+++ Records to use +++

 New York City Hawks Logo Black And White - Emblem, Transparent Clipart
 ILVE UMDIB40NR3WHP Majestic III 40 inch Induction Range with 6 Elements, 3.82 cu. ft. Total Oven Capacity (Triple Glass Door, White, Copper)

+++
+++ Records to use +++

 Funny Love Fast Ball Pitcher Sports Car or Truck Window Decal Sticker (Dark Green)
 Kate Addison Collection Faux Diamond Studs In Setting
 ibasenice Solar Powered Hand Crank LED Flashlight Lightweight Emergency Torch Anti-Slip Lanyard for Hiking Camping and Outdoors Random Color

+++
+++ Records to use +++

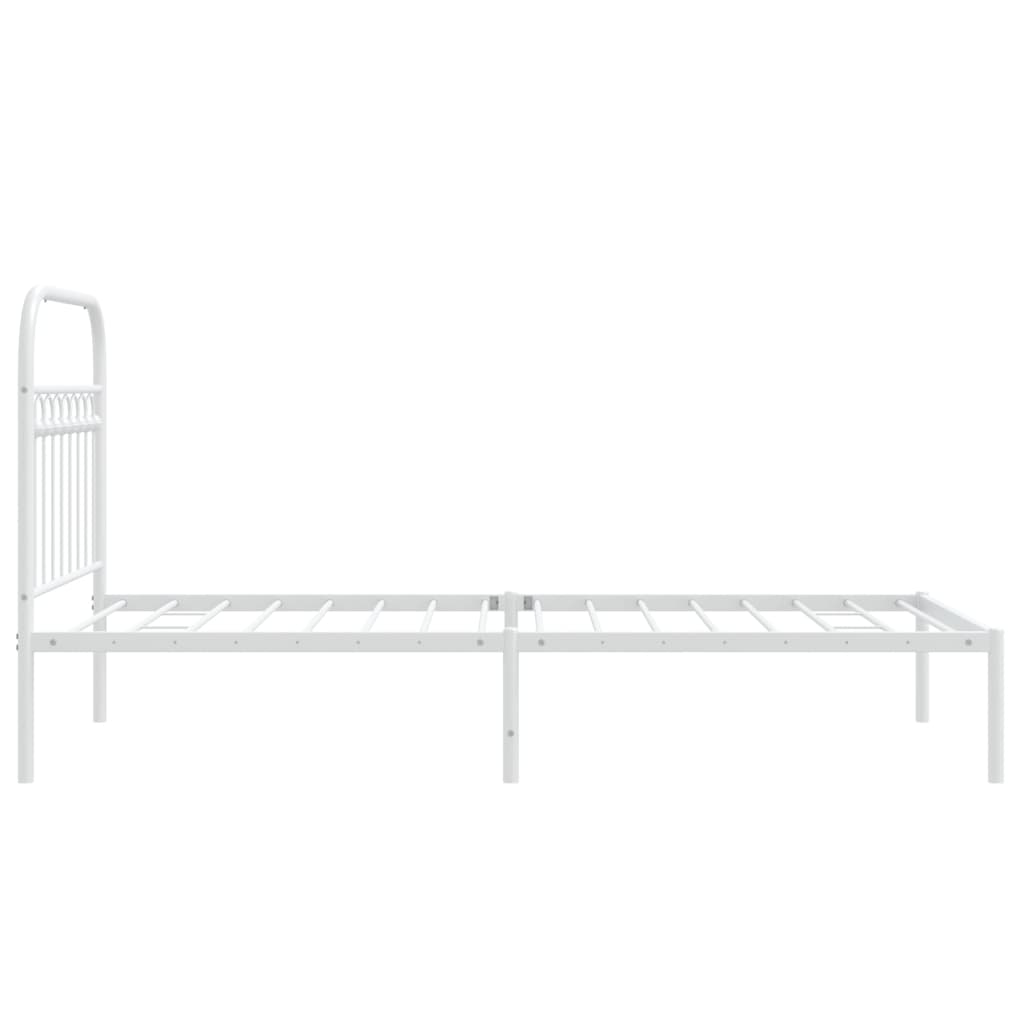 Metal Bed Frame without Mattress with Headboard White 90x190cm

+++

Exercise prompt →
Find the line with "Funny Love Fast" in the entries above. Retype it and each line after it, exactly, through the line with "ibasenice Solar Powered", and stop there.

Response box →
 Funny Love Fast Ball Pitcher Sports Car or Truck Window Decal Sticker (Dark Green)
 Kate Addison Collection Faux Diamond Studs In Setting
 ibasenice Solar Powered Hand Crank LED Flashlight Lightweight Emergency Torch Anti-Slip Lanyard for Hiking Camping and Outdoors Random Color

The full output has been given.